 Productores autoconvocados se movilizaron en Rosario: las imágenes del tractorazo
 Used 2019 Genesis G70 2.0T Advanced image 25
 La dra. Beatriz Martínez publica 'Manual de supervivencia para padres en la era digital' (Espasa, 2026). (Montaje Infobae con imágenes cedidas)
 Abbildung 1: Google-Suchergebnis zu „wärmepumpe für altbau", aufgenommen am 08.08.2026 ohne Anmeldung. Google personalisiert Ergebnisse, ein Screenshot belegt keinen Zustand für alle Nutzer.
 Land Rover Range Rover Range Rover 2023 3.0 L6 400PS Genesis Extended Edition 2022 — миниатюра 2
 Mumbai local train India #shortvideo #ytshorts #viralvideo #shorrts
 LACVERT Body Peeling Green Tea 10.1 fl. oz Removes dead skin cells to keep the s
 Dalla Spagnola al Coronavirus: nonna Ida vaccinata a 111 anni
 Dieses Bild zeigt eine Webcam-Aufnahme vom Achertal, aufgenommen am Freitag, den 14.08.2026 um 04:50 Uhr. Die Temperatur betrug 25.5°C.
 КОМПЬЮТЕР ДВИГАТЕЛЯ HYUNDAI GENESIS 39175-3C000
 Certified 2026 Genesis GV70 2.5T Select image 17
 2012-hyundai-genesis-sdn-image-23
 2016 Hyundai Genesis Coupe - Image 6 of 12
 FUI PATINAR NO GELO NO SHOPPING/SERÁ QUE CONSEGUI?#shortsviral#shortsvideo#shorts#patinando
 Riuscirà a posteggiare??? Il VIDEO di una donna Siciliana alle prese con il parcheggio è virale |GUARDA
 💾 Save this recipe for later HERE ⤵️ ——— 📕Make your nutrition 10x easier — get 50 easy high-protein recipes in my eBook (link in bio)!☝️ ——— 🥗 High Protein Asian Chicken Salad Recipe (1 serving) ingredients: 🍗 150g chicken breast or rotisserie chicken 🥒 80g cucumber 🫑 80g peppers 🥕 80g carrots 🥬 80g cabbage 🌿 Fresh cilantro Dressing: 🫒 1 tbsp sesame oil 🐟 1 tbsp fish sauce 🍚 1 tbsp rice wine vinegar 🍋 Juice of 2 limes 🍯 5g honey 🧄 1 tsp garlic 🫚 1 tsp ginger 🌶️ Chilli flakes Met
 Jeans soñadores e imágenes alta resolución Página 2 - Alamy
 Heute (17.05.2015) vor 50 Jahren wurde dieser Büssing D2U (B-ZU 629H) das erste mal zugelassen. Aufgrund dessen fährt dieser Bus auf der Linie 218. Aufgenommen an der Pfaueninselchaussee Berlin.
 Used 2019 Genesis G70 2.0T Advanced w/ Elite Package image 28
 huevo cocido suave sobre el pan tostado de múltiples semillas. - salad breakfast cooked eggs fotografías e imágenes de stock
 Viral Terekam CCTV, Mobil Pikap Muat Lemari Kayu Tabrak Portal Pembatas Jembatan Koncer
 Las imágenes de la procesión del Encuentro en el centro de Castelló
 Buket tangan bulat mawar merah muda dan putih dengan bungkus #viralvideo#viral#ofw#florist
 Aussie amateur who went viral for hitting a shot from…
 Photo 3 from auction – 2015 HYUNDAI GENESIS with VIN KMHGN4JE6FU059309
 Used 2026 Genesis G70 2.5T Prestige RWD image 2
^^^^^^^^^^^^^^^^
▶ _THE PROBLEM_
The lines to quote run from the one containing "huevo cocido suave" through the final line of the material above; please give them exactly, both ends included, and nothing else.

▶ _WRITTEN RESPONSE_
 huevo cocido suave sobre el pan tostado de múltiples semillas. - salad breakfast cooked eggs fotografías e imágenes de stock
 Viral Terekam CCTV, Mobil Pikap Muat Lemari Kayu Tabrak Portal Pembatas Jembatan Koncer
 Las imágenes de la procesión del Encuentro en el centro de Castelló
 Buket tangan bulat mawar merah muda dan putih dengan bungkus #viralvideo#viral#ofw#florist
 Aussie amateur who went viral for hitting a shot from…
 Photo 3 from auction – 2015 HYUNDAI GENESIS with VIN KMHGN4JE6FU059309
 Used 2026 Genesis G70 2.5T Prestige RWD image 2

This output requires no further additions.